Identification of Gamma Ray Pulsar Candidates in the \emph{Fermi}-LAT 4FGL-DR4 Unassociated Sources Using Supervised Machine Learning
A. Pathania, K. K. Singh, S. K. Singh, A. Tolamatti, B. B. Singh, K. K. Yadav
TL;DR
This study tackles the challenge of labeling unassociated Fermi-LAT sources in the 4FGL-DR4 catalog as pulsars or AGN using supervised learning with Random Forest and Extreme Gradient Boosting. It derives a compact, informative feature set from long-term gamma-ray data, applying KS and Kendall-$\tau$ screening and Recursive Feature Elimination to select eight key features, including the curvature parameter $\beta_{LP}$ and spectral/temporal indicators such as $E_c^{PLEC}$ and HRs. The classifiers achieve high performance ($>97\%$ accuracy; $\sim99\%$ balanced accuracy for XGB with SMOTE) on known sources, and classify 2257 unassociated sources into pulsar, AGN, or ambiguous categories, identifying hundreds of pulsar candidates.

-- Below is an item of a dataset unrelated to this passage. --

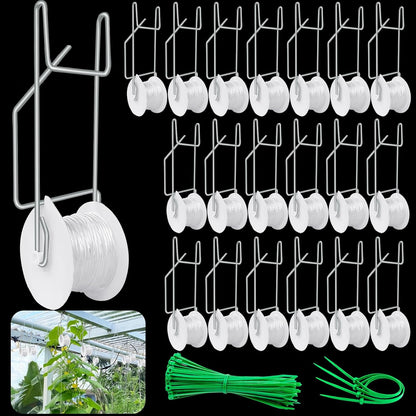 20Pack Tomato Trellis Roller Hooks,Greenhouse Trellising Kit with 100Pcs String Zip Ties for Tomatoes,Vine Twine Crop,Vegetable,Flower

Covariate-shift analysis reveals realistic performance declines on faint, newly identified sources, with XGB generally outperforming RF under shift; these results provide a practical resource for follow-up observations (radio and very-high-energy) and contribute to pulsar population studies, including predictions aligned with contemporary pulsar surveys like TRAPUM and FAST.
Abstract
The Large Area Telescope (LAT) on board the \emph{Fermi} Gamma-ray Space Telescope has been continuously providing good quality survey data of the entire sky in the high energy range from 30 MeV to 500 GeV and above since August 2008. A succession of gamma-ray source catalogs is published after a comprehensive analysis of the \emph{Fermi}--LAT data. The most recent release of data in the fourth \emph{Fermi}--LAT catalog of gamma-ray sources (4FGL-DR4), based on the first 14 years of observations in the energy band 50 MeV-1 TeV, contains 7195 sources. A large fraction ($\sim$ 33\%) of this population has no known counterparts in the lower wave bands. Such high energy gamma-ray sources are referred to as unassociated or unidentified. An appropriate classification of these objects into known type of gamma-ray sources such as the active galactic nuclei or pulsars is essential for population studies and pointed multi-wavelength observations to probe the radiative processes. In this work, we perform a detailed classification of the unassociated sources reported in the 4FGL-DR4 catalog using two supervised machine learning techniques-Random Forest and Extreme Gradient Boosting. We mainly focus on the identification of new gamma-ray pulsar candidates by making use of different observational features derived from the long-term observations with the \emph{Fermi}--LAT and reported in the incremental 4FGL-DR4 catalog. We also explore the effects of data balancing approach on the classification of the \emph{Fermi}--LAT unassociated sources.